First, a Hagdama: Over the years, it bothered me when kehillot where I’ve been in Chutz L’Aretz would fly through Aleinu and go into Kaddish while I was huffin’ and puffin’ through the first paragraph trying to pronounce each word of the tefillot and having to interrupt recitation of Aleinu in order to say “Amen” and “Y’hei Sh’mei Rabbah…” It felt to me, psychologically, that speed was the norm and made me wonder whether there was something wrong with me, that my mind and mouth couldn’t move fast enough to complete Aleinu with the rest of the kehillah.
But, then after making aliyah, I looked around and saw that there were numbers of others, like me who struggled with the speed with which many a shaliach tzibbor would complete Aleinu and go into Kaddish.

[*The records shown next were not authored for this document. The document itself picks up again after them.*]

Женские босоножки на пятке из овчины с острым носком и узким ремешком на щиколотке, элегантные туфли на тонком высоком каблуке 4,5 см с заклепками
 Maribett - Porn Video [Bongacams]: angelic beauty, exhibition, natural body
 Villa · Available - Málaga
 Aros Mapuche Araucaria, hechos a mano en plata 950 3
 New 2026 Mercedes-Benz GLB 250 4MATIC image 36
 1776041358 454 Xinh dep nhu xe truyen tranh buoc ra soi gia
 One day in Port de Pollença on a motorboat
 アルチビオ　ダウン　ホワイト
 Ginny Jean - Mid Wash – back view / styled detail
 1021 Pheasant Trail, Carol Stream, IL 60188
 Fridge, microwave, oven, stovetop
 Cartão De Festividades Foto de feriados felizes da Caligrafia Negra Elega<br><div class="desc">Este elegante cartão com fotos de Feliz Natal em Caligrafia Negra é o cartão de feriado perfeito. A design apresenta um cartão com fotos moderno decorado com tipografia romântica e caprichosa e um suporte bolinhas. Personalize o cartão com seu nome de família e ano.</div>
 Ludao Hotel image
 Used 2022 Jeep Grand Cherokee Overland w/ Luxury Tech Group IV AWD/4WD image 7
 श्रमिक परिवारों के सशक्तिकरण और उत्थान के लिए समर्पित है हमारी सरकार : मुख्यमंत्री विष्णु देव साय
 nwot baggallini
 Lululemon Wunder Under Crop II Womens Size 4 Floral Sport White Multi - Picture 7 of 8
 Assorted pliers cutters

A few weeks ago, Mutti Frankel gave a Chabura from which I cite pertinent points here, as imitation, or in this case, repetition of another’s p’shat seems the sincerest form of flattery:
In Mitzrayim, B’nei Yisrael sunk to an extremely low level of ruchniyous and sense of self as a nation and as individuals. They were so mired in Shibud Mitzrayim that they could not even formulate a coherent Tefillah. All they could do is scream out to Hashem from anguish and pain.
For each of us, as the Yomim Norayim become a faint memory, we find ourselves in our rush for work, family obligations, etc. more distant from Hashem than we’d like to be.
It is critical to realize that Kedusha, coming closer to Hashem is not just a dream, but is an achievable goal for anyone and everyone viewing it as an important life’s mission — on par with learning Torah, doing Mitzvot and Chesed — and who makes a sincere effort to succeed in the mission of being a Kadosh.
So, referring back to Mutti’s Chabura regarding Kedusha, it occurs to me: if Tefillah with intent as an achievable goal for anyone and everyone who view it as an important life’s mission, Chaval Chomeir to say Aleinu with intent, each word said clearly, rather than rushed or slurred robotically at the speed of light in order to finish both paragraphs in 30-45 seconds.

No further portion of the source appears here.